MYOB NZ Country Manager Ingrid Cronin-Knight says SMEs will welcome the Government’s decisive action and the speed at which it has been able to respond to the unprecedented crisis.
“Today’s announcement sends a strong signal that small and medium sized businesses and the Kiwis they employ will be supported and that the Government will continue to invest in the local economy,” Ingrid says.
“This is great news for the country’s half a million SMEs, which sit at the heart of our local economy.”
However, Ingrid says how the package will be delivered is crucial, with clarity on how businesses can demonstrate eligibility.
“Rapid, targeted delivery of this package is key,” Ingrid says. “This investment must be put into the hands of small businesses as quickly as possible, to help them pay staff and suppliers, and maintain cashflow.”
Left in the gutter
Some industries in New Zealand, however, feel blindsided and left behind.
“By just blindly soldiering on with their existing parliamentary programme, it forces many businesses to worry about future regulation instead of just keeping their doors open,” says Ben Pryor, co-owner of Alt New Zealand – the largest Kiwi-owned vape company.
Ben says at the very least the Government should abandon their initial plans to regulate the entire vape industry within three months and return to the usual parliamentary process of six months to pass good legislation, stretching out the submission period as well.
“We’re just one sector hugely affected by the Government’s legislative timetable, and despite everything nothing’s actually changed for any of us in that regard. We’ve now got to spend the next two weeks writing submissions, fly down to Wellington to present, and so it goes on. We’d rather be fighting for our staff’s jobs and our retail stores.”
A fighting chance
One of the biggest industries most affected by COVID-19 is the tourism sector, or New Zealand’s biggest export industry, contributing 21 percent of foreign exchange earnings last financial year, according to Statistics New Zealand. Last year, it generated a direct contribution of $16.2 billion GDP to the New Zealand economy, or 5.8 percent of New Zealand’s GDP.
Indirectly, it generated an additional $11.2 billion, or 4 percent of GDP.
With this sector taking a huge hit, what does this mean for the tourism industry and New Zealand at large?
The Government’s Business Continuity Package will come as immediate relief to tourism operators facing a devastating downturn, Tourism Industry Aotearoa says.
“It’s a substantial package that demonstrates the scale of the challenge facing New Zealand. Some jobs will be saved but we believe that many will still be lost,” TIA Chief Executive, Chris Roberts says.
“We are pleased the Government has responded to our call for the funding to be accessible, available to businesses in every region and with no delays. The Government has indicated that payments may be possible within five days and we commend that speed of response.”

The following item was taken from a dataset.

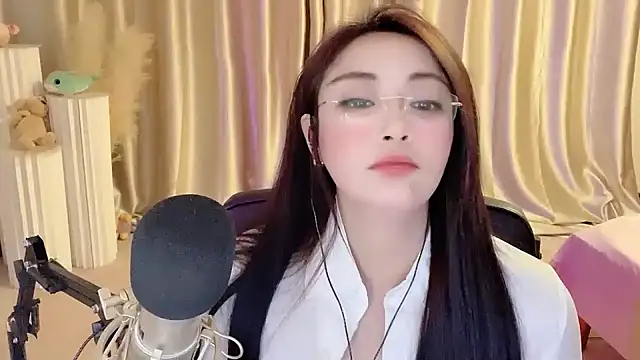 Snapshot of Daisy-77 chatting on February 23, 2025, 8:55 pm Daisy-77 online show from February 23, 2025, 8:55 pm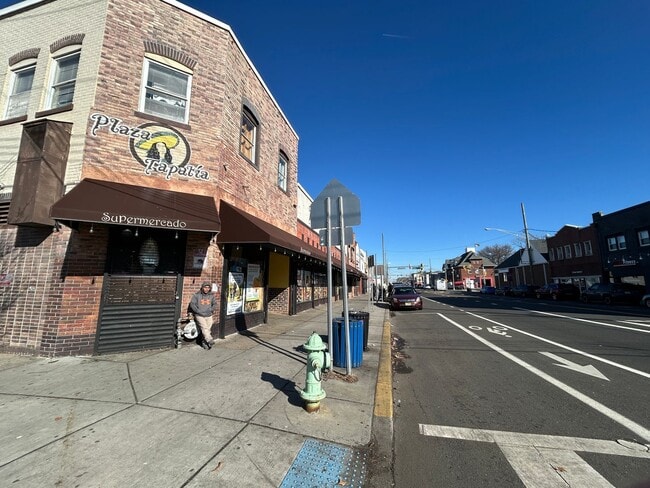 Photo - Incredible 4 Bedroom Single Family House for Rent in Asbury Park!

TIA expects hundreds of tourism businesses to apply for the wage subsidy.
“This will be a huge relief to small tourism business owners across New Zealand who were facing having to make their people redundant or close their businesses within days,” Chris says.
TIA is disappointed that there appears to be no mental health support included in the package.
“We know tourism operators and their staff are under enormous stress and need access to counselling and other mental health services.
“The tourism industry will not recover within this 12-week period but this Government support does buy our smaller operators some breathing space while they adjust to this unprecedented situation.
“We are pleased that Finance Minister Grant Robertson has indicated this is not a one-off package. TIA will continue to work closely with the Government and advocate for the interests of New Zealand’s thousands of tourism businesses and nearly 400,000 workers,” Chris says.